▶ GOAL OF THE EXERCISE: The copy should hold exactly the lines below from the one that contains "The uninsured rate" through the one that contains "Visitas a familiares" and nothing else, so no pictures.

▶ DATA TO EXAMINE:
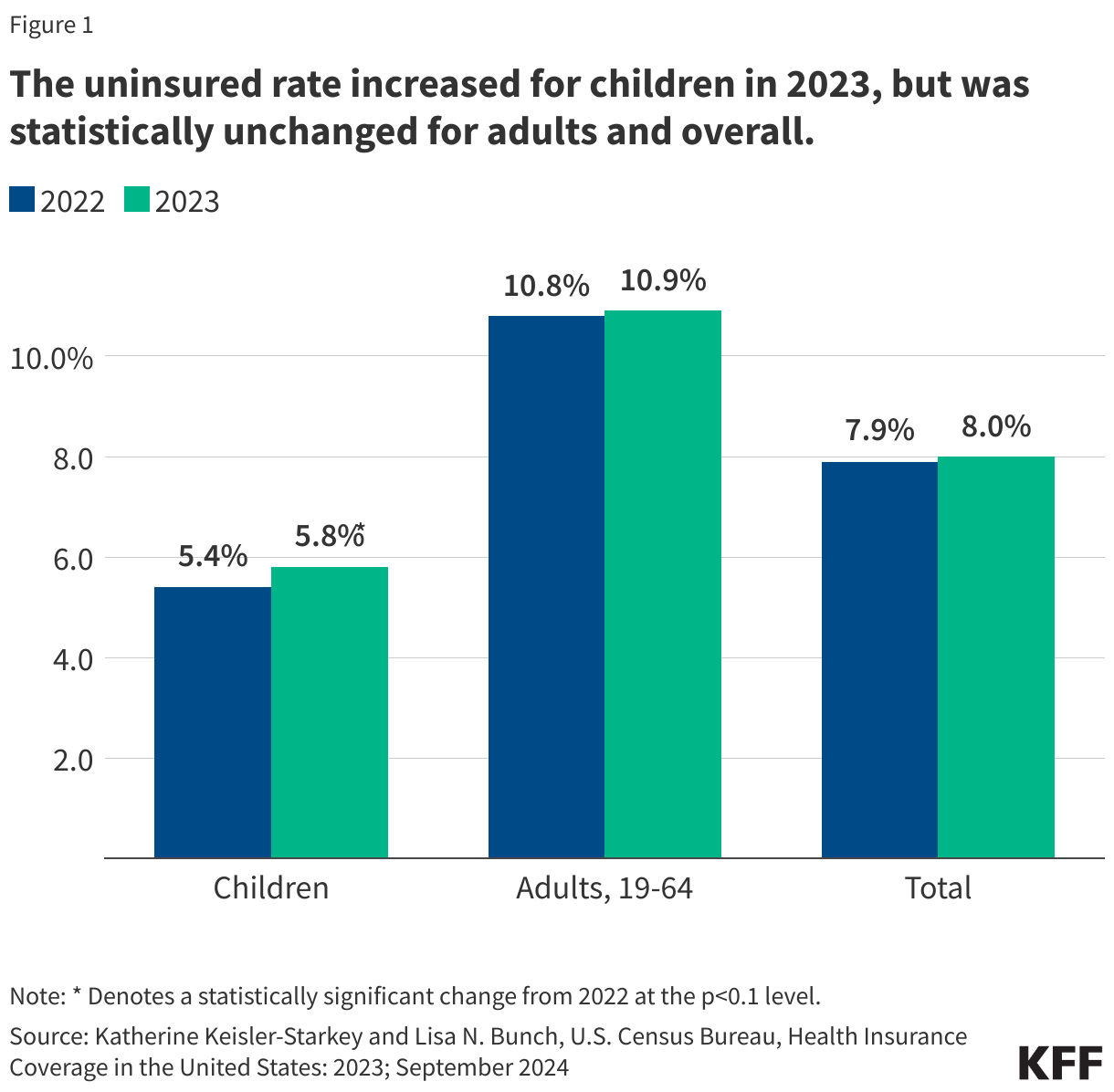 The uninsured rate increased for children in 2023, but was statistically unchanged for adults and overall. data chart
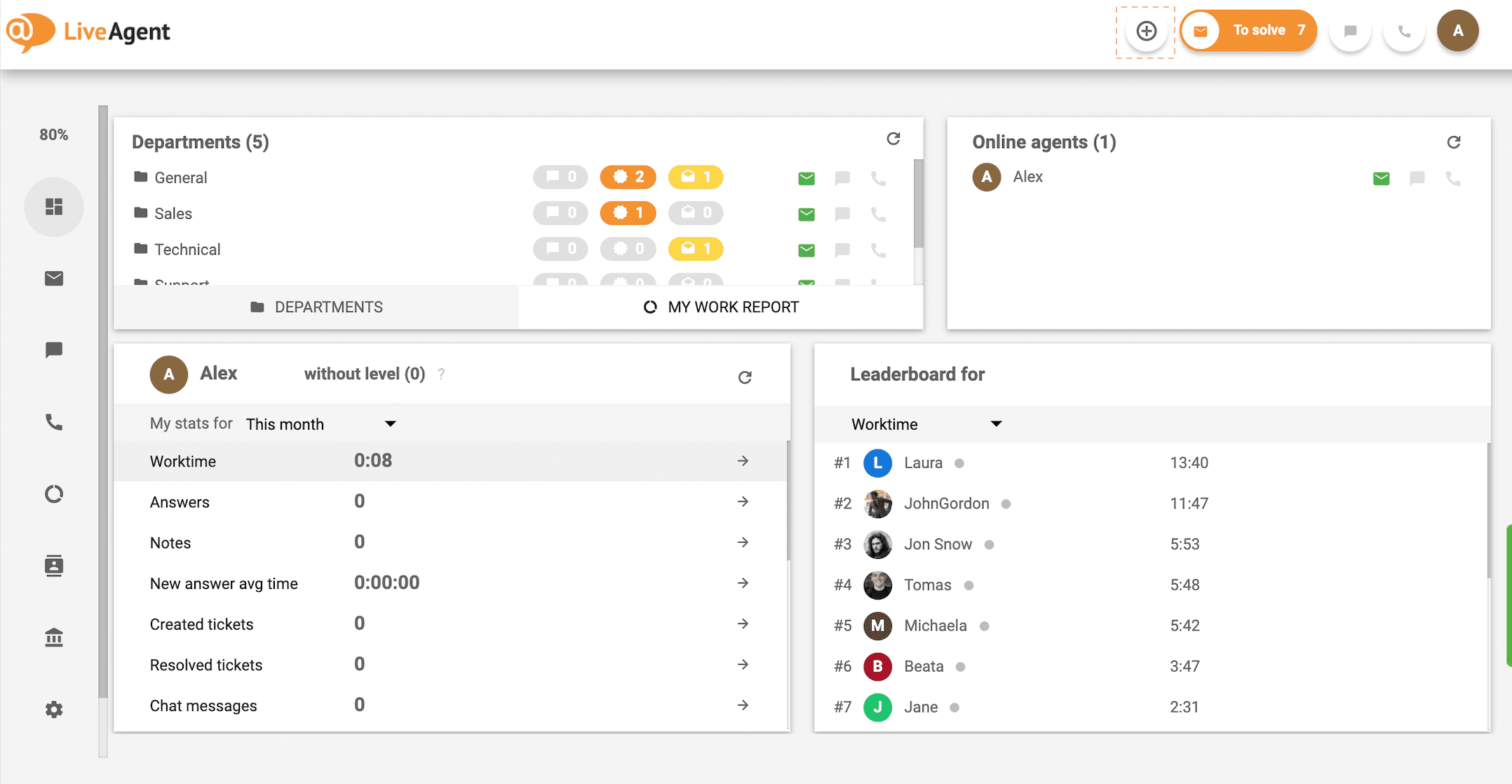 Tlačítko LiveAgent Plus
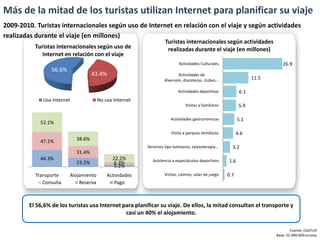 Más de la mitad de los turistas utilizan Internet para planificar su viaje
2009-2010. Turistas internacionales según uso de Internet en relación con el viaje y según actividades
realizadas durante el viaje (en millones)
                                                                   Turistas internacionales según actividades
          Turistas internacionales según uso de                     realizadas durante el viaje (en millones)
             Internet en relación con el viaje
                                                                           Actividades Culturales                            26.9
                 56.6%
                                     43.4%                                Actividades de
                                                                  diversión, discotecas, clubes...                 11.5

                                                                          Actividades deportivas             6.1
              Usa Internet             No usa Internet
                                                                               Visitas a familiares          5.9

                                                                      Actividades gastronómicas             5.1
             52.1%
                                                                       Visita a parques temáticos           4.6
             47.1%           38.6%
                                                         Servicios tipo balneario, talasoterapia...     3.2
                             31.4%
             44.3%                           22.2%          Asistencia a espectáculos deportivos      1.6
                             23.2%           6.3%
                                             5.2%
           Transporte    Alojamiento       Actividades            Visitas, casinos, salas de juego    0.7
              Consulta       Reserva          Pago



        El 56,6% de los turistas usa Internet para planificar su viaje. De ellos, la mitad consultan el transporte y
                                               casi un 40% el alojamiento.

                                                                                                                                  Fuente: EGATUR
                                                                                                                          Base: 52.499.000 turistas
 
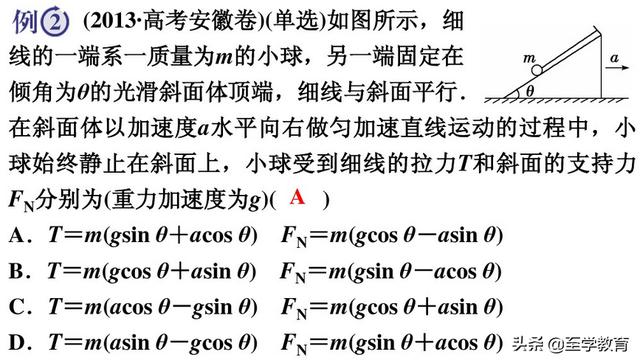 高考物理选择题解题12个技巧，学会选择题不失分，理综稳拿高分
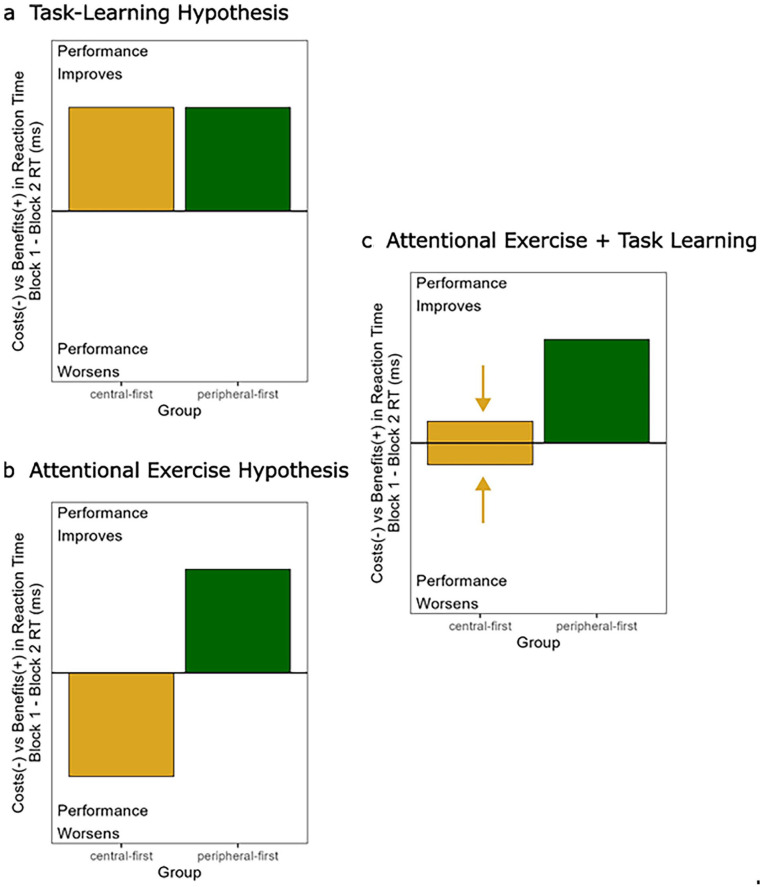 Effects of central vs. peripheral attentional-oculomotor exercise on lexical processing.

---

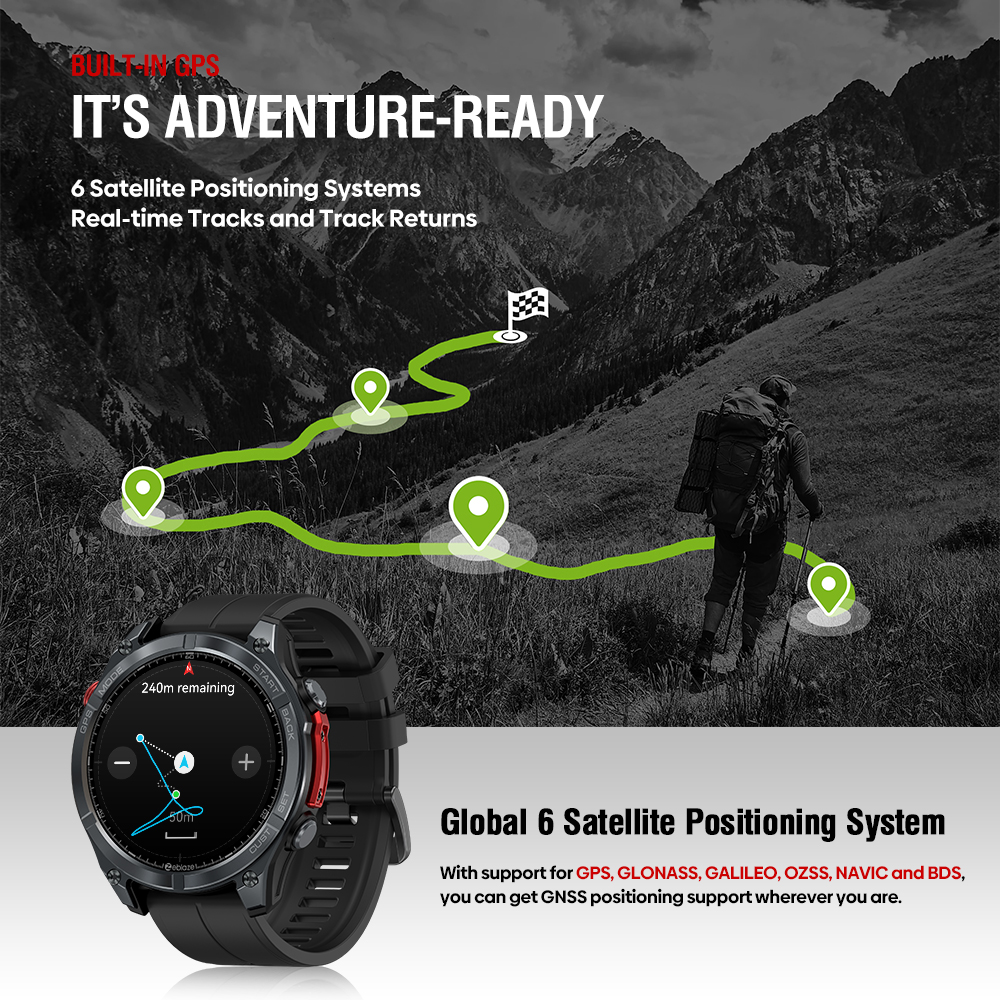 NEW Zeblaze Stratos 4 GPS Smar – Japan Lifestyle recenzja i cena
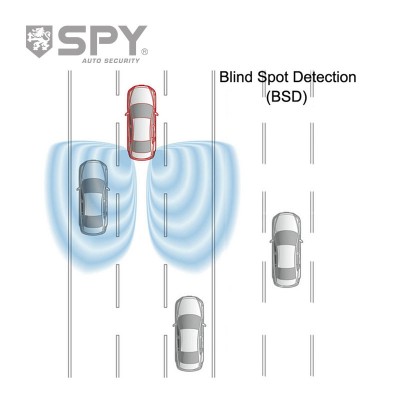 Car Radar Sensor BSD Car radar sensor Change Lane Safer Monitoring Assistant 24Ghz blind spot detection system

▶ OUTPUT OF THE TASK:
 The uninsured rate increased for children in 2023, but was statistically unchanged for adults and overall. data chart
 Tlačítko LiveAgent Plus
 Más de la mitad de los turistas utilizan Internet para planificar su viaje
2009-2010. Turistas internacionales según uso de Internet en relación con el viaje y según actividades
realizadas durante el viaje (en millones)
                                                                   Turistas internacionales según actividades
          Turistas internacionales según uso de                     realizadas durante el viaje (en millones)
             Internet en relación con el viaje
                                                                           Actividades Culturales                            26.9
                 56.6%
                                     43.4%                                Actividades de
                                                                  diversión, discotecas, clubes...                 11.5

                                                                          Actividades deportivas             6.1
              Usa Internet             No usa Internet
                                                                               Visitas a familiares          5.9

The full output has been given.